Elections, Mathematics, And The Woke

     I’m a long-time admirer of Virginia State Assemblyman Nick Freitas. He exemplifies something the rest of the Republican Party lacks: courage. He speaks plainly and forthrightly, and he hews to his convictions. There aren’t many other Republicans of whom that could be honestly said.

     (Of course, it’s hard to stand up for something if you lack a spine. A great percentage of Republican politicians appear to have had that organ removed. In all candor, when your overriding priorities are to get re-elected and keep the media from denouncing you in boldface, convictions tend to look like a luxury item. But I digress.)

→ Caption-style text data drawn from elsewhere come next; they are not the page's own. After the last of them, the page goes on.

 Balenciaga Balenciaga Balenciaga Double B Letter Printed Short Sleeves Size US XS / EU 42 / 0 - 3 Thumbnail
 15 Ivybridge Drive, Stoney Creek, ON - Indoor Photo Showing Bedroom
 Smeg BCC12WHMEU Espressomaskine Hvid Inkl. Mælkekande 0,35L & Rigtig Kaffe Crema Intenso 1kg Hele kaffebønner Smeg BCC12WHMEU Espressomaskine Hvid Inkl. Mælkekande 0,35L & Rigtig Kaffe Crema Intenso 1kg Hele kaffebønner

     Freitas recently had an illuminating conversation with political analyst Christian Hines about the recent leak of the Democrats’ unreleased assessment of why they lost the 2024 presidential election, and a lot of down-ticket races besides:

     If you don’t have thirteen minutes to spare for the video – entirely understandable; I’d never criticize you for it – here’s the gist:

The base of the Democrat Party is insane.

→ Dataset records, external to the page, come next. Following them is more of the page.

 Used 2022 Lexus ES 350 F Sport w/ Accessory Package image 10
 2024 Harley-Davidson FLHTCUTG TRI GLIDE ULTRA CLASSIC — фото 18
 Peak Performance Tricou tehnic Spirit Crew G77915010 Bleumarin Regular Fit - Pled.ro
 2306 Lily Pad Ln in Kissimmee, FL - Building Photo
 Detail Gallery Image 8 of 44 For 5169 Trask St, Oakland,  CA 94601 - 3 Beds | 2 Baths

     That assessment – charmingly, Hines calls it an autopsy – could not be released because it says that and nothing else:

     …it's not just that they did crazy stuff; they allowed themselves to be more and more defined by the crazy stuff, and they do seem to understand that to a point within the autopsy. The problem is that they've created a situation within the Democratic party where if you actually implement some of the things, not even all of them, just some of the things that this autopsy is suggesting that they should – to for instance reach out to men or reach out to working-class people – it would devastate the modern Democrat base and the modern Democrat coalition.

     I’ve written about coalition politics several times before. The Democrat strategists’ approach to presidential politics is coalition-based: assemble interest groups, promising to advance their interests, until you reach 50% plus one of the voting populace. This has been the Dems’ approach to national elections since the presidency of Dwight D. Eisenhower. Yet of the 17 presidential elections since then, they’ve won only 8 and lost 9 – and one victory was over a “caretaker” president, and two of the losses were to a political outsider who lacked the full backing of his party. From that tally, you might think they’d be looking for an improvement on their approach. The leaked autopsy tells that tale fairly clearly.

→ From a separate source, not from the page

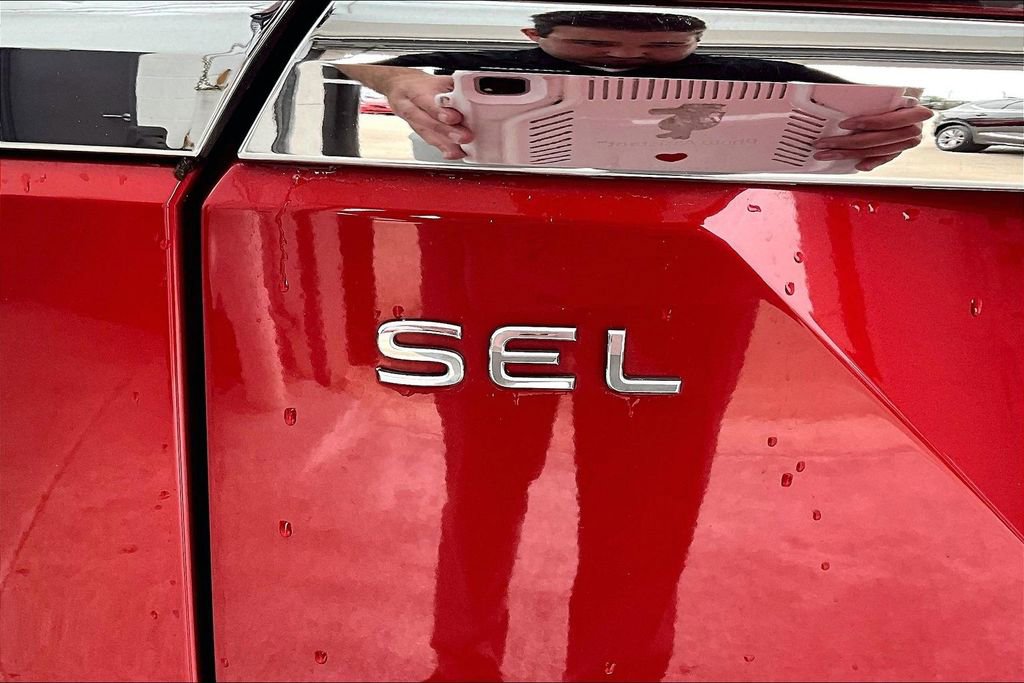 Used 2024 Volkswagen Atlas SEL Premium R-Line image 42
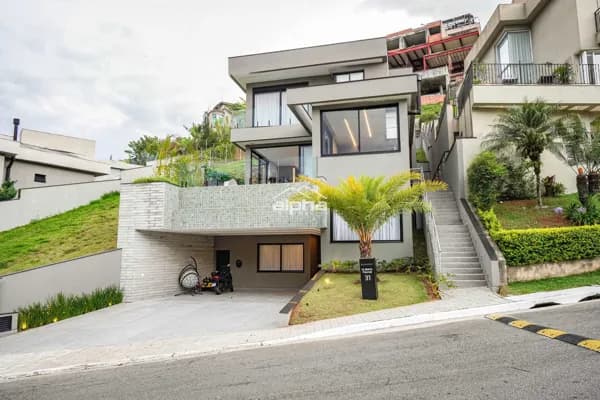 Casa de Condomínio em Santana de Parnaíba - Alphaville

     But that autopsy was deliberately suppressed. It was suppressed because its authors were aware that if it were published, the party’s base would rise in a fury. The base is composed of a coalition of hard-left “woke” activists from the furthest reaches of the Democrat Party: the segment that dominates issue activism, fundraising, and primary elections. Alienating any significant fraction of the base would be crippling in the near term. The strategists can’t bear the thought.

     But the base is the problem. The base chooses the party’s nominees. Thus, the nominees are satisfactory to the base, but wholly unpalatable to the larger electorate. They’re especially unattractive to unaligned and weakly aligned voters, who may be as much as 40% of the whole. The mathematics of America’s two-stage elections processes is hostile to that approach.

     The Dems are thus caught in a bind of their own making. That they can’t discuss it openly among themselves is a clear giveaway.

     While the problem manifests most clearly at the presidential level, it can have impact locally as well. State demographics are changing rapidly. This is especially visible in California, which by enacting a 5% wealth tax on billionaires – “We’re only going to do it this once! Cross our hearts and hope to die!” – has driven its wealthiest residents to relocate in massive numbers. A great many are hopping over Lake Tahoe to resettle in Nevada, which has no individual income tax, no corporate income tax, and no capital-gains tax. Given Muslim-socialist mayor Zohran Mamdani’s open hostility toward the wealthy, I would expect the best-heeled residents of New York City to follow suit.

     This may sound like unalloyed good news to conservatives and Republican partisans. It isn’t. If the Democrat Party becomes nationally uncompetitive because of its capture by the “woke,” what incentive will remain for Republican politicians to seek to please its conservative allegiants? Remember also that America’s plutocrats, with a few notable exceptions, have trended politically leftward in recent decades. Their relocation to “red” states isn’t guaranteed to be without unpleasant secondary effects.

     This is something to watch and ponder.